Human-Computer Interaction Lab Tackles the Gig Economy
Building technology that works for workers in the gig economy — as well as consumers
Andrés Monroy-Hernández grew up in Mexico, in an activist family. His parents moved to the north of Mexico where they were part of an organization trying to help workers create unions in Mexico for workers at U.S. car factories that had just moved across the border. He carried that drive with him as he studied human computer interaction and became a researcher at Microsoft and Snap Inc. for a decade.
Monroy-Hernández started to notice that platforms such as Uber, Lyft, and DoorDash were smooth for consumers but harmful for the workers who labored within them. He wondered: Was it possible to build technologies that worked for both sides? “Part of my background and growing up in a union-friendly home probably influenced this,” he says. That desire to help make the world better led him to Princeton to found the HCI (Human-Computer Interaction) Lab, where he focuses on social computing and building public interest platforms — tech that can serve the greater good of society.
One prong of the lab’s research tries to understand what current workers in the platform economy are experiencing and works with labor organizations to offer them better data.
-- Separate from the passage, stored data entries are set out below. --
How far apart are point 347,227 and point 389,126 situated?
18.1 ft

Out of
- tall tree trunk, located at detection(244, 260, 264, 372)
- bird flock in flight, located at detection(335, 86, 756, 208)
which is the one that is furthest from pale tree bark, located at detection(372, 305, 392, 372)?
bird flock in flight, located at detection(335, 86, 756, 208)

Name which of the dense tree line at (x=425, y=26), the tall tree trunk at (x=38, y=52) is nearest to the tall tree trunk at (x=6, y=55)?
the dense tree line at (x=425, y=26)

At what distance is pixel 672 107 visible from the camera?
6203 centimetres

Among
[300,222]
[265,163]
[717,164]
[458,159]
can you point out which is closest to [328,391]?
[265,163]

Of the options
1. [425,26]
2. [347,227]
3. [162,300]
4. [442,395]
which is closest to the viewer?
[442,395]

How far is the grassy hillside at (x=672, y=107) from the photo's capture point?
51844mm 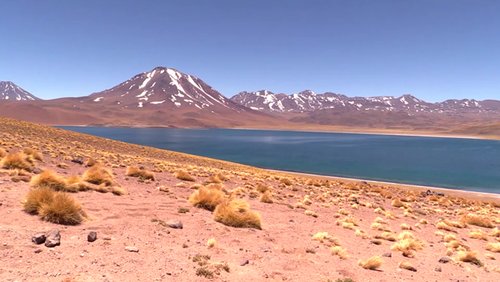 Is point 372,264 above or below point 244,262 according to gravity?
below

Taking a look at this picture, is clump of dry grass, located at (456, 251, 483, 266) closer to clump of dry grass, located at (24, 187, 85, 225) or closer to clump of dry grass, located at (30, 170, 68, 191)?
clump of dry grass, located at (24, 187, 85, 225)

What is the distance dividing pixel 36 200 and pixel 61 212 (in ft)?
2.98

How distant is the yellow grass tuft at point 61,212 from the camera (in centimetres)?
855

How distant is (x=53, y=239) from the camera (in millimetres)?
7160

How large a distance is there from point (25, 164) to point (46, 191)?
639cm

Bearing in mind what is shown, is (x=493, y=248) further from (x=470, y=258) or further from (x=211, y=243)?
(x=211, y=243)

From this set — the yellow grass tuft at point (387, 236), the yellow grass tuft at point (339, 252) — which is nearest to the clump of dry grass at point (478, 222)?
the yellow grass tuft at point (387, 236)

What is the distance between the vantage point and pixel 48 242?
Answer: 7.04 metres

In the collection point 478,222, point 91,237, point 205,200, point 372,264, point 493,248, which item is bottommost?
point 478,222

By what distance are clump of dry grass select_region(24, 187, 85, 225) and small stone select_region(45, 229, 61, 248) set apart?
3.60 ft

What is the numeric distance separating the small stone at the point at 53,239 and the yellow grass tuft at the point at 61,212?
1.07 metres

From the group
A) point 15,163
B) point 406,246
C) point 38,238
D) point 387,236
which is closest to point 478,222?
point 387,236

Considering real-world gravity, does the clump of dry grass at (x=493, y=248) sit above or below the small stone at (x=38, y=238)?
below

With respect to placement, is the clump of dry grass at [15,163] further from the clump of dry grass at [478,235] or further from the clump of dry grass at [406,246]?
the clump of dry grass at [478,235] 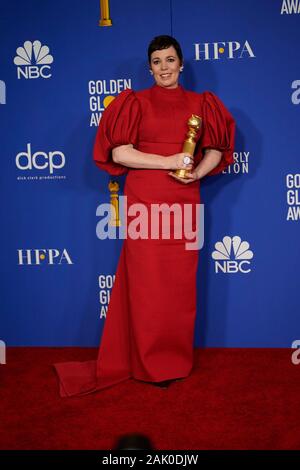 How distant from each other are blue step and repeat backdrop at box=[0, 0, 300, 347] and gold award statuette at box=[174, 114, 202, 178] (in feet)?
2.08

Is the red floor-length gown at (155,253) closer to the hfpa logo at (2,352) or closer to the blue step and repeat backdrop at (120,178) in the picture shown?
the blue step and repeat backdrop at (120,178)

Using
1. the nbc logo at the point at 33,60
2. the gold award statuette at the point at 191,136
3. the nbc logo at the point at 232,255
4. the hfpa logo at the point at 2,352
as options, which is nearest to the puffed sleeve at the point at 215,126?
the gold award statuette at the point at 191,136

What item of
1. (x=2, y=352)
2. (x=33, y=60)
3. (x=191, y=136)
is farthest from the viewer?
(x=2, y=352)

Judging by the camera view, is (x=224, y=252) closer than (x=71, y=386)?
No

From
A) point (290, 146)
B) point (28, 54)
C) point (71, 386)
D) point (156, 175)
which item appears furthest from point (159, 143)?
point (71, 386)

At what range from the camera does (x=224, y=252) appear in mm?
3449

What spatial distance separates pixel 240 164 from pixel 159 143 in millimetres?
736

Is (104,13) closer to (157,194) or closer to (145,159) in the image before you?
(145,159)

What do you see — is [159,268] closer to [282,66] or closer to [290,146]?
[290,146]

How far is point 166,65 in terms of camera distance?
9.30ft

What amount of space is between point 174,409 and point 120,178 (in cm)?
160

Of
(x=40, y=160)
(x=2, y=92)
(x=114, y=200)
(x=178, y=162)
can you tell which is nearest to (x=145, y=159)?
(x=178, y=162)

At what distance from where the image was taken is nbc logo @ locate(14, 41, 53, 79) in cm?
339

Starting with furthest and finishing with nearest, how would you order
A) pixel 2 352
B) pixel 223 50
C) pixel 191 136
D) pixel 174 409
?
pixel 2 352 → pixel 223 50 → pixel 191 136 → pixel 174 409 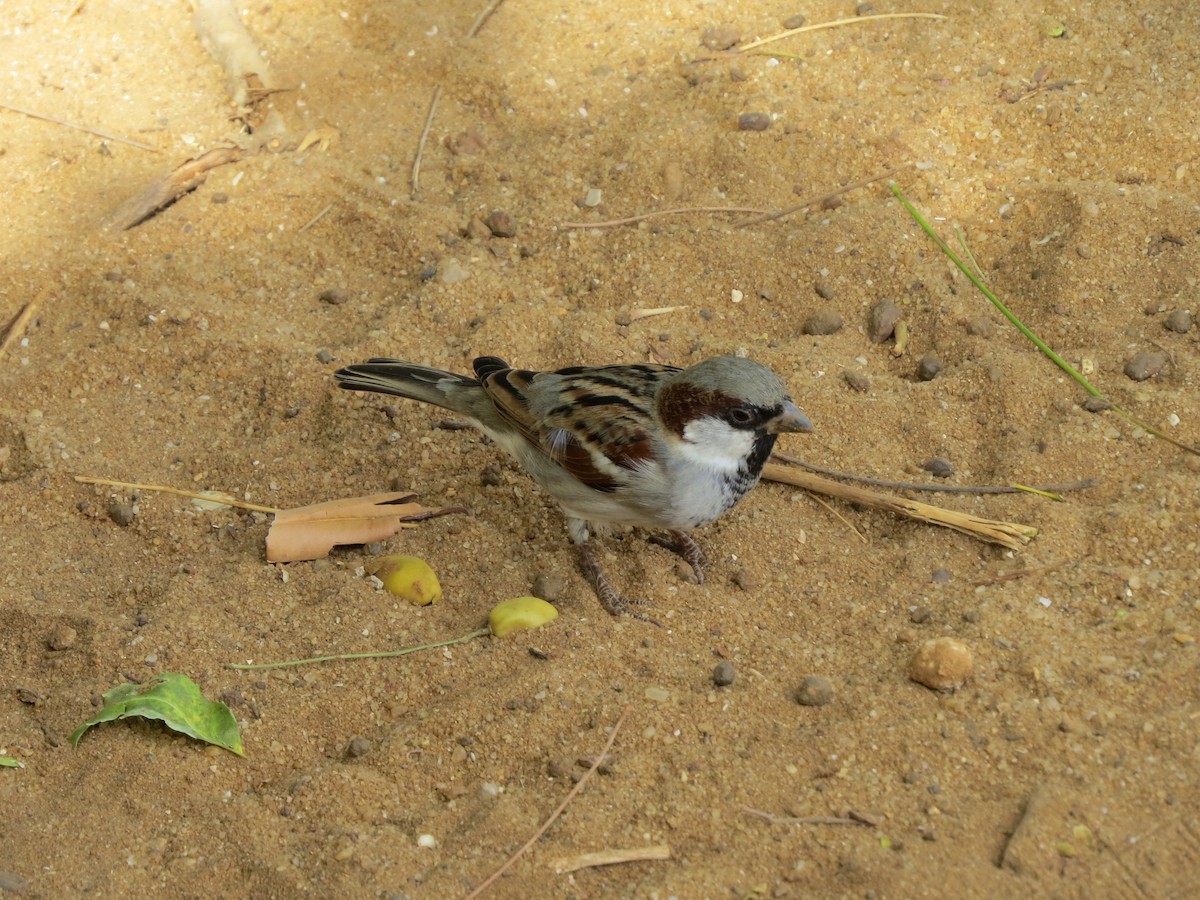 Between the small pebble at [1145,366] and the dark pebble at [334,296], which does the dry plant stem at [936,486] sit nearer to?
the small pebble at [1145,366]

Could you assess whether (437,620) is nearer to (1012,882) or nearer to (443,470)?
(443,470)

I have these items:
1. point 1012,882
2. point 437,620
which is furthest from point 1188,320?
point 437,620

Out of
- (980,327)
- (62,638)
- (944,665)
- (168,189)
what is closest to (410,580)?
(62,638)

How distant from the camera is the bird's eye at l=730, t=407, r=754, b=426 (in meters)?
4.21

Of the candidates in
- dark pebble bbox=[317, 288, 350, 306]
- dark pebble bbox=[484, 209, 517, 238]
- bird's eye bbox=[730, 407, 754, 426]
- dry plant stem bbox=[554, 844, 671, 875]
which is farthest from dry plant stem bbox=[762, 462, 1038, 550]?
dark pebble bbox=[317, 288, 350, 306]

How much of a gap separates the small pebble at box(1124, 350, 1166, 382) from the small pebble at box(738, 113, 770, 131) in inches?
87.5

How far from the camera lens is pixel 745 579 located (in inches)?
177

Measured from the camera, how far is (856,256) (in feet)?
18.3

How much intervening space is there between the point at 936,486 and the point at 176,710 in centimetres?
288

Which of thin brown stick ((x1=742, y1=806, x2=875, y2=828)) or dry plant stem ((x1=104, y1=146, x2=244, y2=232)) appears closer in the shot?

The researchers use tools, like one they have built called FairFare, to collect crowdsourced data from drivers. That helps them peer inside the black-box algorithms that companies employ to guide pricing information. Drivers can easily and anonymously link their job data to analyze average fare breakdowns, and the researchers offer that information back to unions and worker collectives.
This data has led to other research questions, such as understanding the take rate — the rate the company takes from a driver — and how it changes in different circumstances. The team’s research has revealed that in some cases, a driver can receive less than half the fare paid by customers; in one case, Uber collected as much as 53%. They have also found that the take rate is higher near airports.
The lab is sending students to interview drivers on various platforms to understand their day-to-day lives, struggles, and how they work within the confines of each platform. Researchers have learned the lack of transparency is one of the most jarring aspects of being a worker. “Not just the issues around not only integrity, but also things around like how tasks are assigned, or how the pricing works,” says Monroy-Hernández. “A lot of them know people who have been kicked out of these platforms and it’s unclear why that happens.”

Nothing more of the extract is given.